» Problem statement
Using the records below, copy exactly the part that opens with the line holding "EVA Fluffy Slippers" and closes with the line holding "Ein grauer elektrischer", minus the pictures.

═════ Information shown

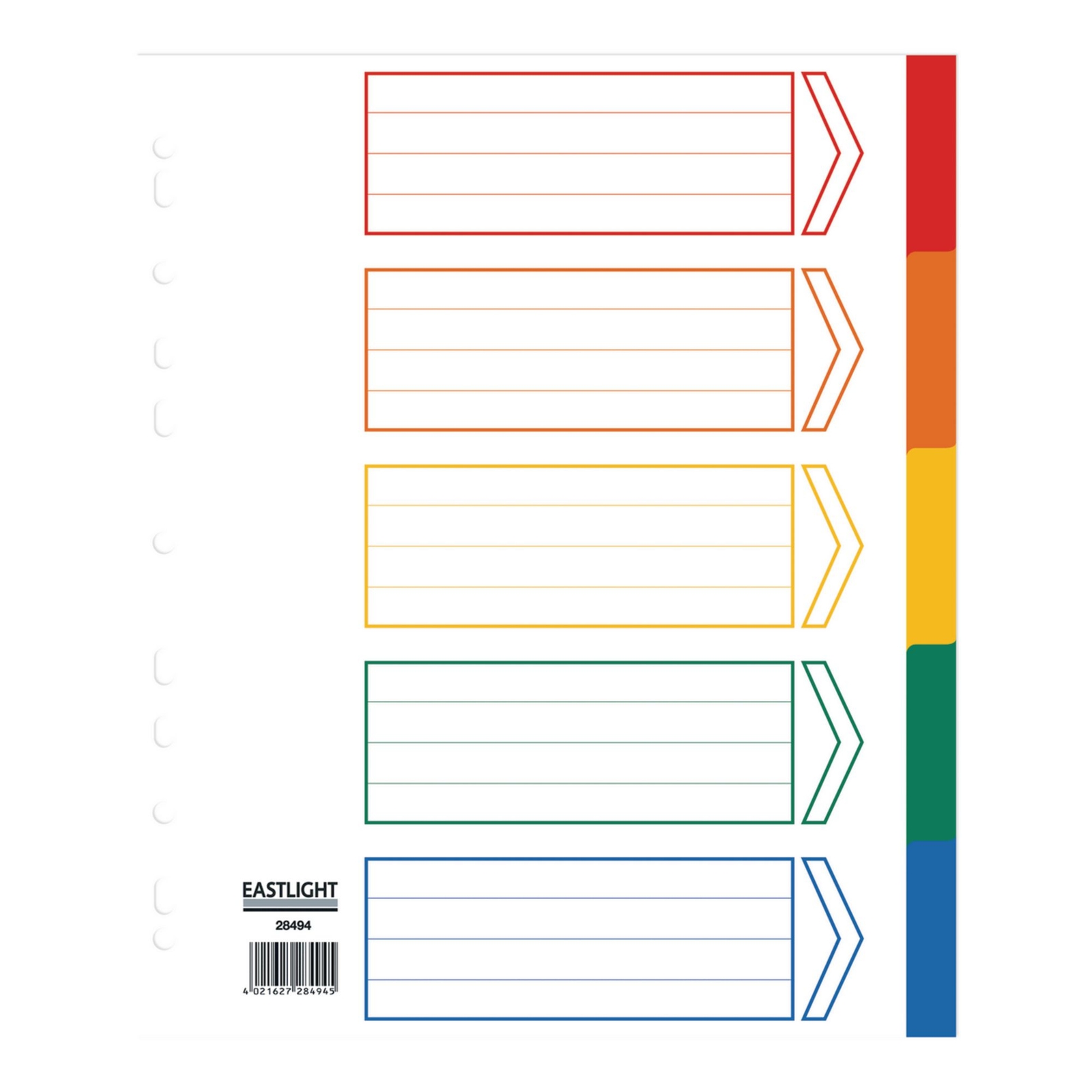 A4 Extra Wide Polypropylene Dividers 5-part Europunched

══════════
═════ Information shown

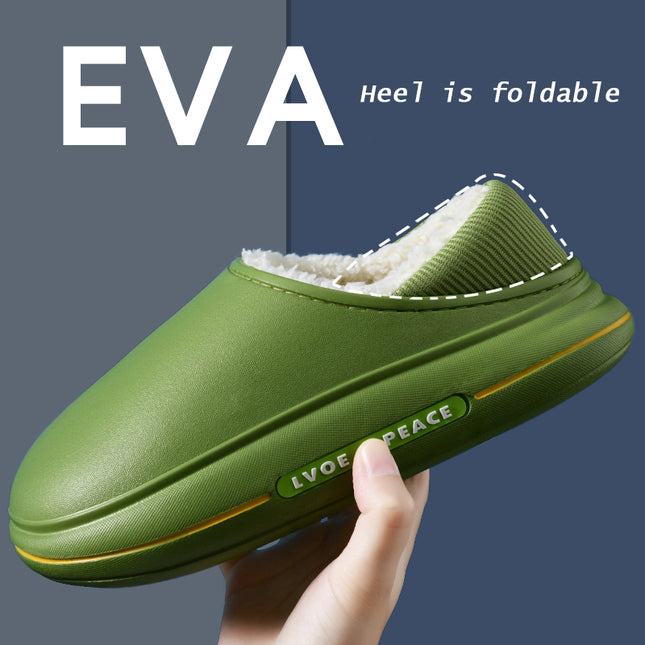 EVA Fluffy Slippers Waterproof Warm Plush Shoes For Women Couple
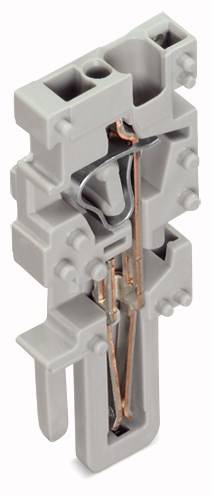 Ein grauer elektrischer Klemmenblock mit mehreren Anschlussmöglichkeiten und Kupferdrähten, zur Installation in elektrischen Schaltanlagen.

══════════
═════ Information shown

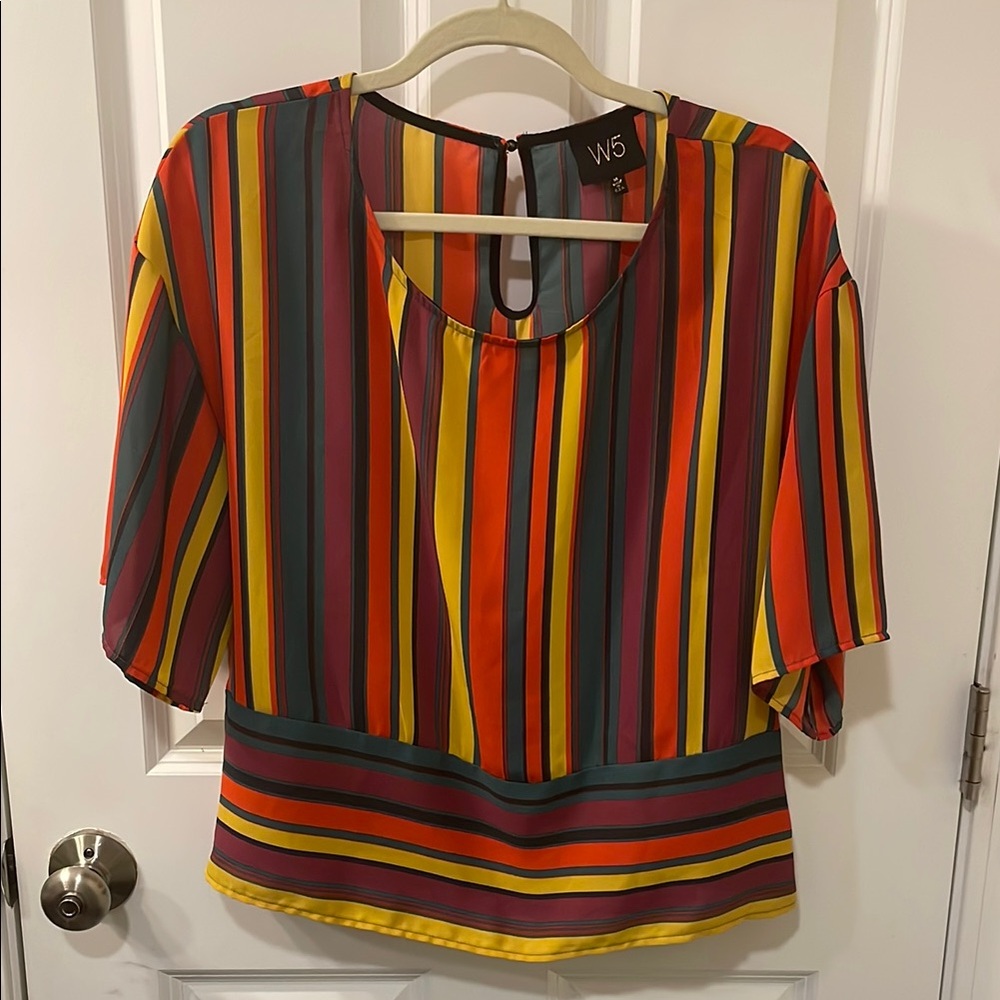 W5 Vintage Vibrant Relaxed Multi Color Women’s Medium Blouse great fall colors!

══════════

» Answer area
 EVA Fluffy Slippers Waterproof Warm Plush Shoes For Women Couple
 Ein grauer elektrischer Klemmenblock mit mehreren Anschlussmöglichkeiten und Kupferdrähten, zur Installation in elektrischen Schaltanlagen.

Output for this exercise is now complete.